▶ _Aim of the task_: Retype each record below word for word, pictures excluded.

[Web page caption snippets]
• • •
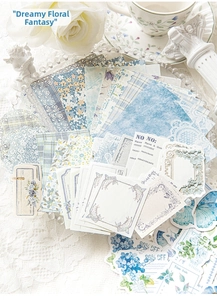 Vintage scrapbooking paper set with floral and butterfly patterns on white lace background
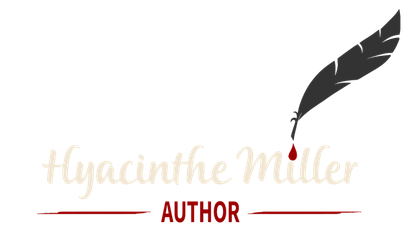 Logo: Author Hyacinthe Miller's name in cursive next to a quill dripping red ink.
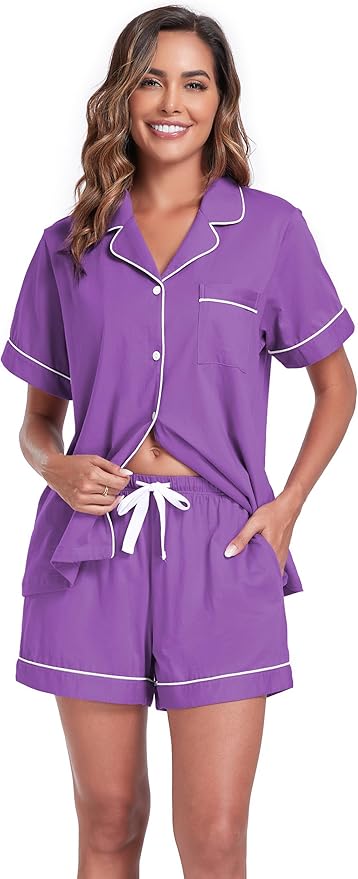 100% Cotton Pajama Set - Short Sleeve - 2 Piece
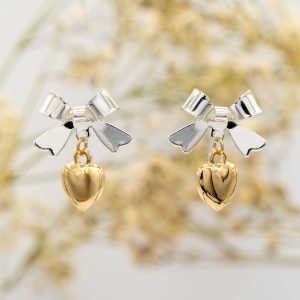 Two Toned Bow Drop Earrings With Heart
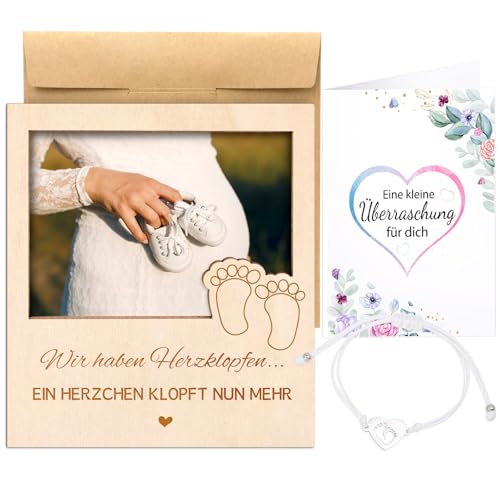 Shining She Schwangerschaft Verkünden Magnetische Bilderrahmen - Ultraschallbilder Aufbewahren, Holz Mini Bilderrahmen Kühlschrank Magnete Geschenk mit Armband Grußkarten für Baby Verkündung von Shining She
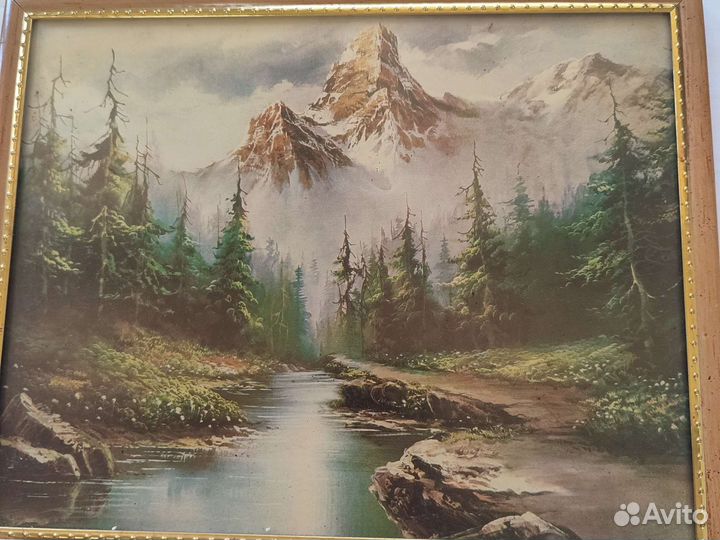 Картина пейзаж в рамке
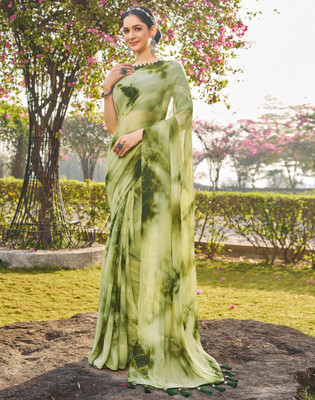 Divastri Printed Bollywood Georgette Saree(Green)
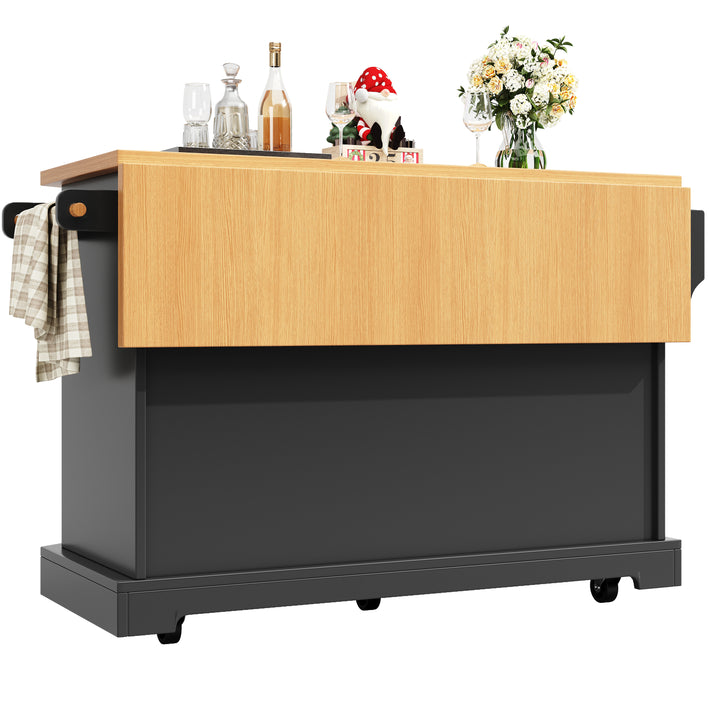Black Kitchen Island Cart on Wheels with 6 Drawers & Cabinet ARROWSCREEN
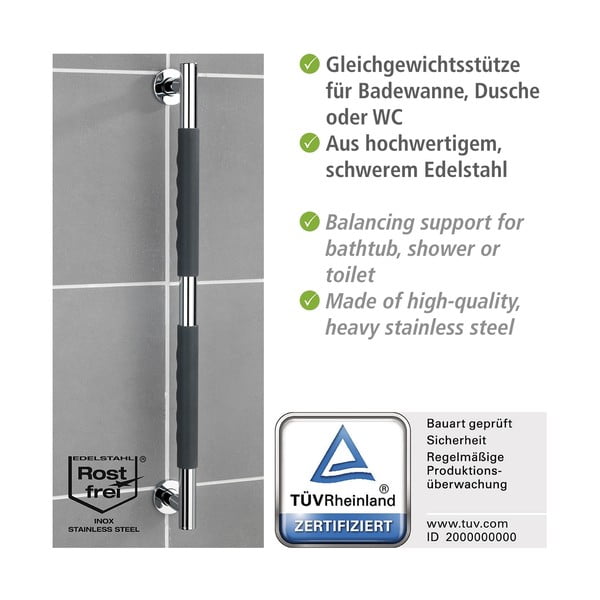 Nástenné madlo do kúpeľne z nehrdzavejúcej ocele Secura – Wenko-image-4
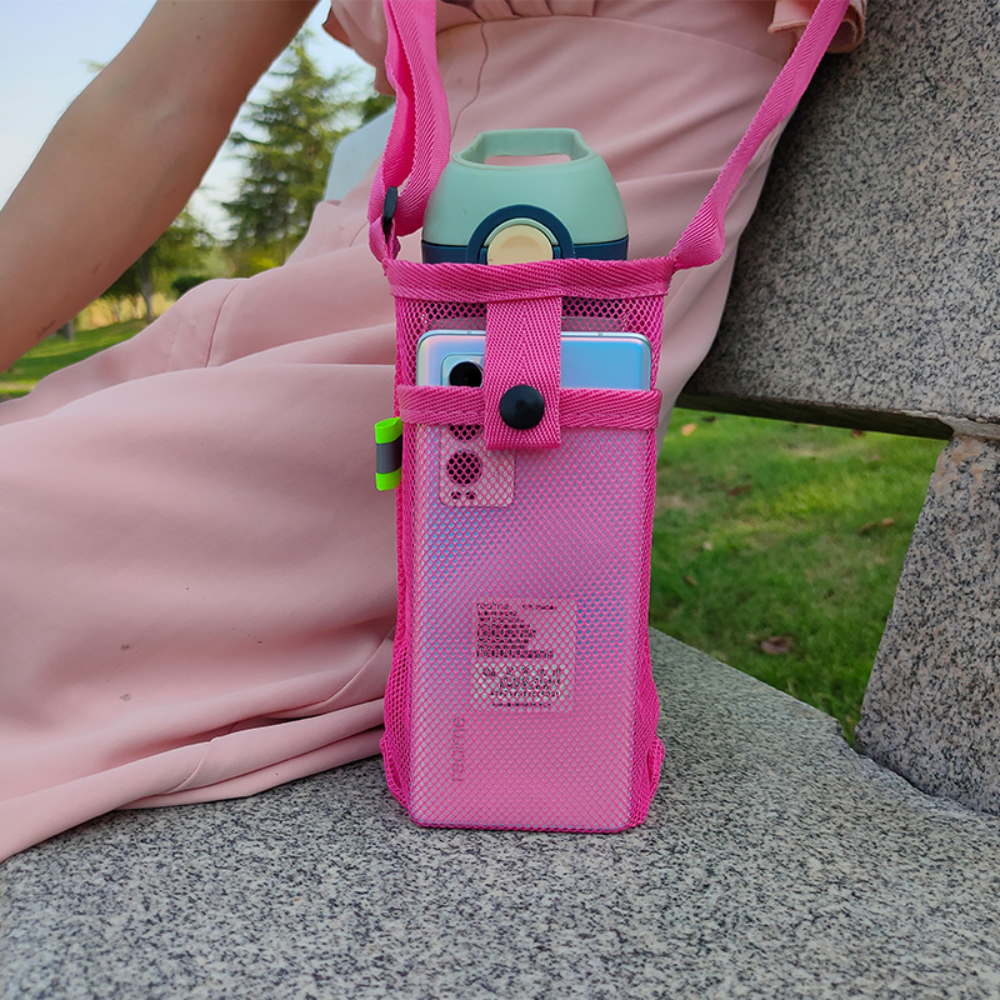 Bolsa de rede de armazenamento crossbody ao ar livre com capa de copo de água e capa protetora para esportes, viagens, acampamento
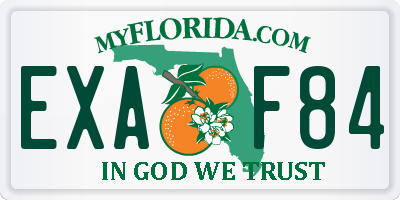 FL license plate EXAF84
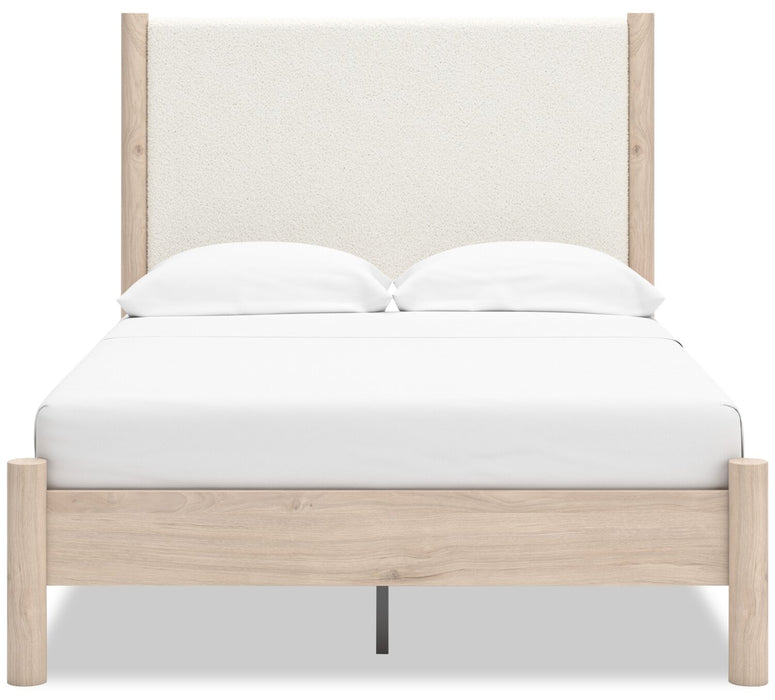 Jolie 5pc Bedroom Set with Bed, Dresser & Mirror, Boucle Fabric, Natural - Full Size
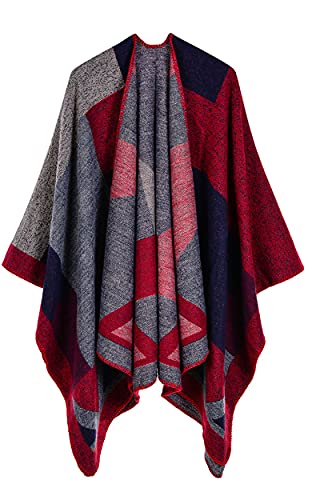 CheChury Women Printed Poncho Cape Reversible Scarf Oversized Shawl Wrap Open Front Cardigans Tartan Blanket Long Geometric for Women,Red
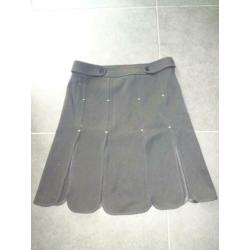 D4A Red Valentino wollen rok in aparte flappen zwart IT 46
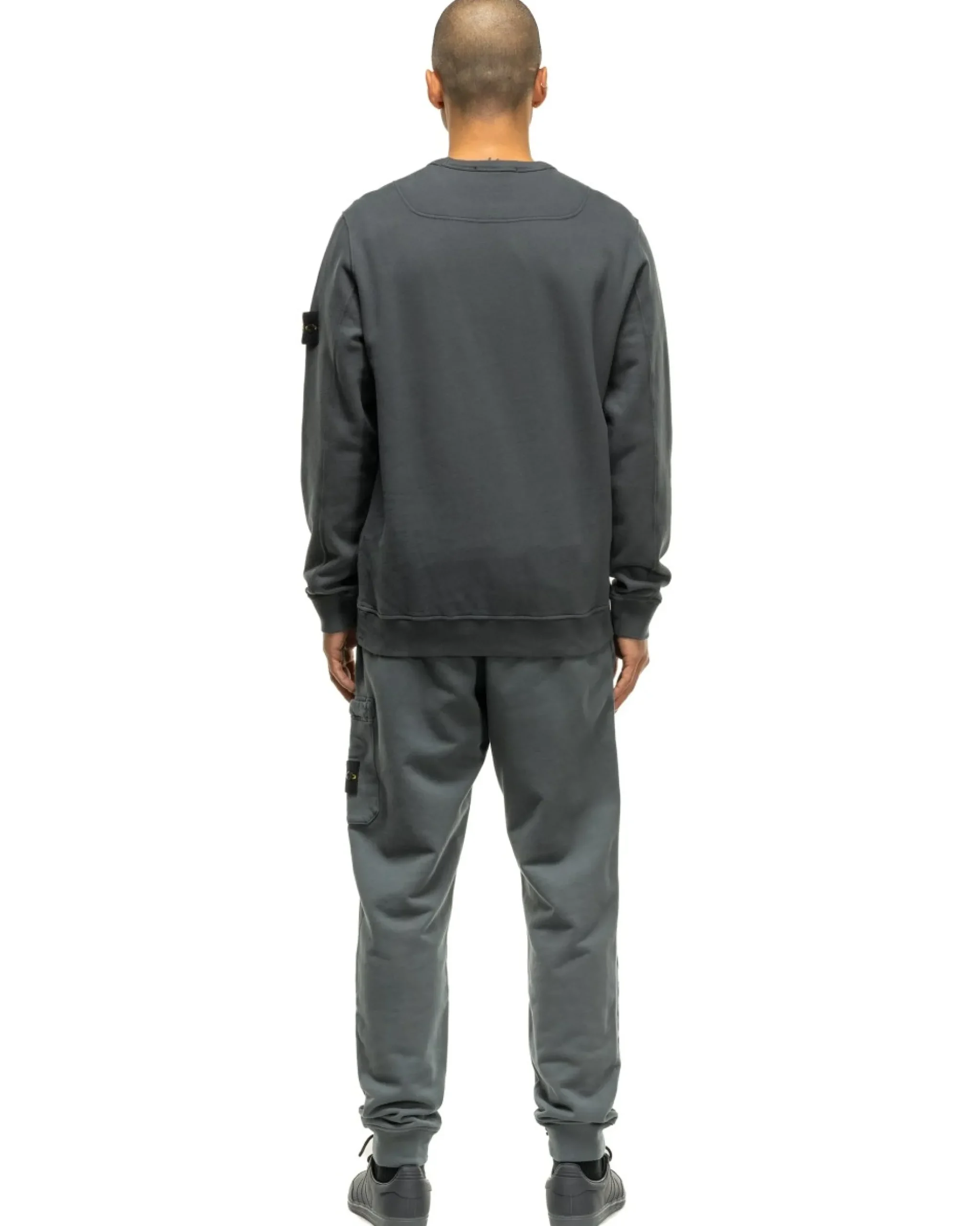 Stone Island Garment Dyed Brushed Cotton Fleece Crewneck Lead Grey>Men Sweaters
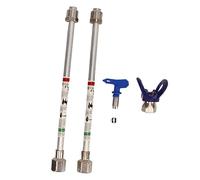 2PCS Stainless Steel Spray Extension Rod G7814 with Protective Tip Guard for Wall Coating and Industrial Maintenance (Silver)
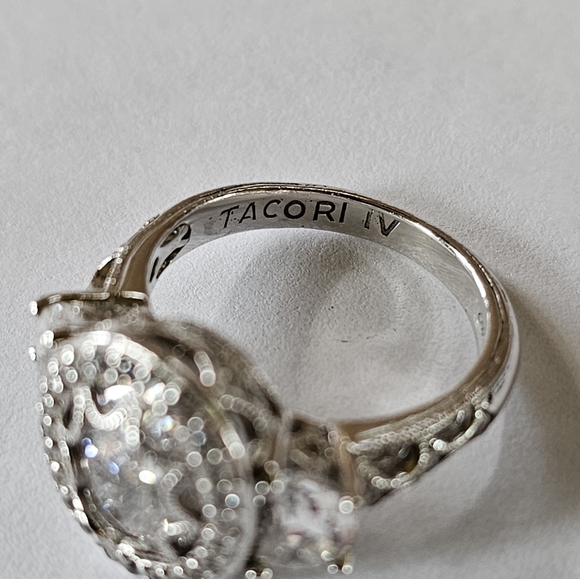 Antique Style Tacori IV Diamonique Epiphany Platinum Clad 925 Ring Size 5.5 - Picture 12 of 16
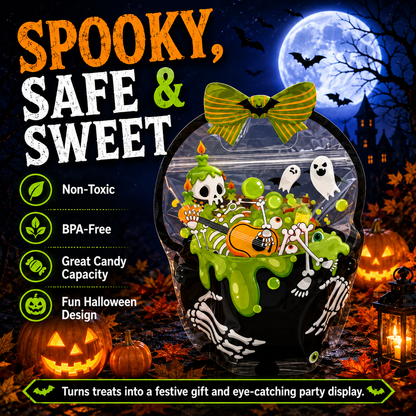 🎃 Halloween Self-Sealing Treat Bags – Pumpkin & Green Pot Candy Gift Pouches 🍬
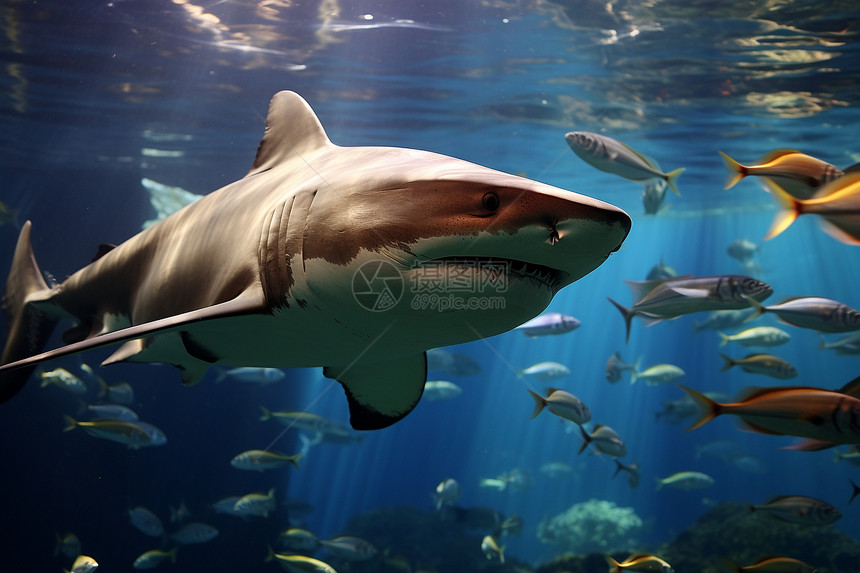 海洋中游动的鲨鱼图片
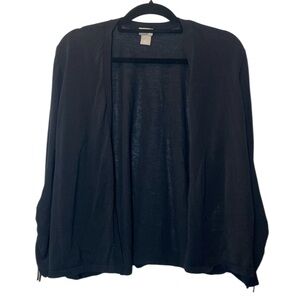 Chicos Cardigan Women’s 2 Large Black 3/4 Ruched Sleeve Crop Semi Sheer Sweater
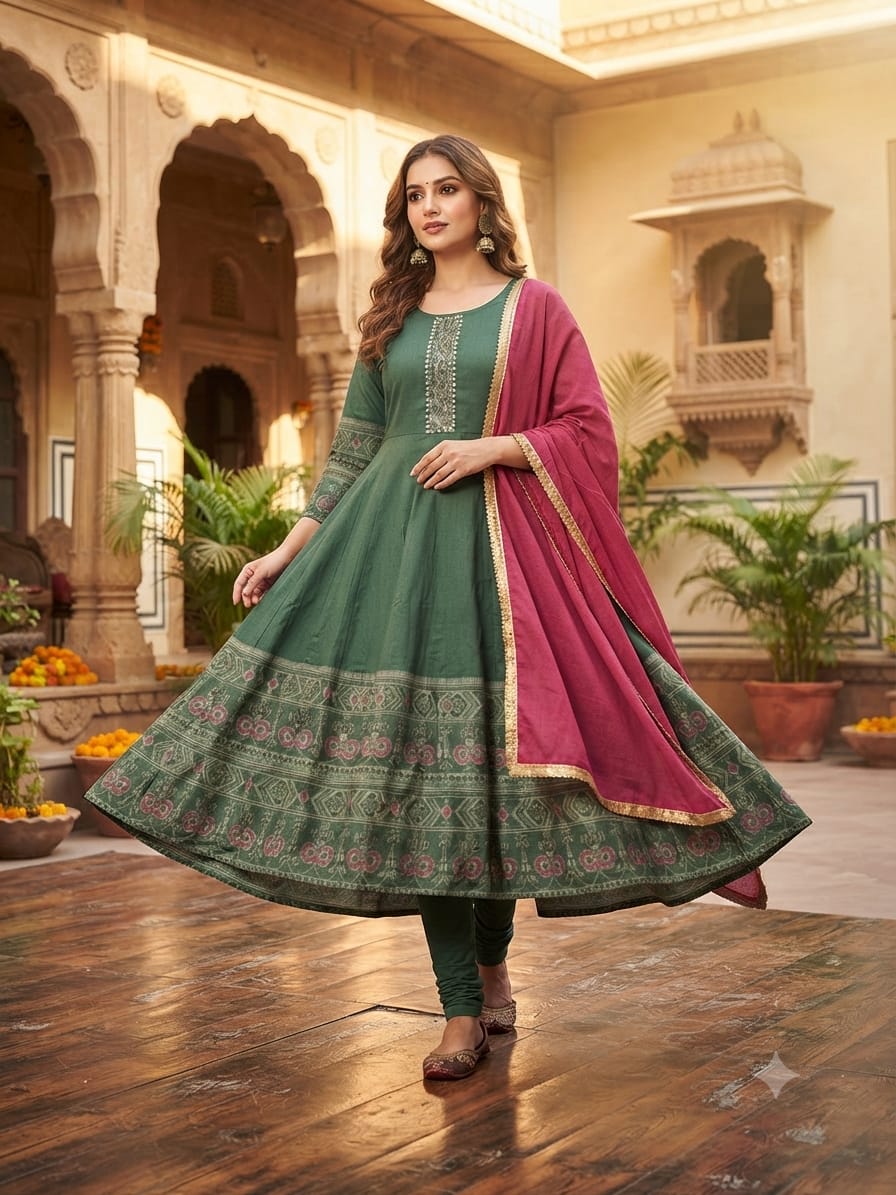 LATEST RAYON HANDWORK GOWN COMBO IN WHOLESALE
• • •
▶ _Problem solution_:
 Vintage scrapbooking paper set with floral and butterfly patterns on white lace background
 Logo: Author Hyacinthe Miller's name in cursive next to a quill dripping red ink.
 100% Cotton Pajama Set - Short Sleeve - 2 Piece
 Two Toned Bow Drop Earrings With Heart
 Shining She Schwangerschaft Verkünden Magnetische Bilderrahmen - Ultraschallbilder Aufbewahren, Holz Mini Bilderrahmen Kühlschrank Magnete Geschenk mit Armband Grußkarten für Baby Verkündung von Shining She
 Картина пейзаж в рамке
 Divastri Printed Bollywood Georgette Saree(Green)
Black Kitchen Island Cart on Wheels with 6 Drawers & Cabinet ARROWSCREEN
 Nástenné madlo do kúpeľne z nehrdzavejúcej ocele Secura – Wenko-image-4
 Bolsa de rede de armazenamento crossbody ao ar livre com capa de copo de água e capa protetora para esportes, viagens, acampamento
 FL license plate EXAF84
 Jolie 5pc Bedroom Set with Bed, Dresser & Mirror, Boucle Fabric, Natural - Full Size
 CheChury Women Printed Poncho Cape Reversible Scarf Oversized Shawl Wrap Open Front Cardigans Tartan Blanket Long Geometric for Women,Red
 D4A Red Valentino wollen rok in aparte flappen zwart IT 46
 Stone Island Garment Dyed Brushed Cotton Fleece Crewneck Lead Grey>Men Sweaters
 2PCS Stainless Steel Spray Extension Rod G7814 with Protective Tip Guard for Wall Coating and Industrial Maintenance (Silver)
 Antique Style Tacori IV Diamonique Epiphany Platinum Clad 925 Ring Size 5.5 - Picture 12 of 16
 🎃 Halloween Self-Sealing Treat Bags – Pumpkin & Green Pot Candy Gift Pouches 🍬
 海洋中游动的鲨鱼图片
 Chicos Cardigan Women’s 2 Large Black 3/4 Ruched Sleeve Crop Semi Sheer Sweater
 LATEST RAYON HANDWORK GOWN COMBO IN WHOLESALE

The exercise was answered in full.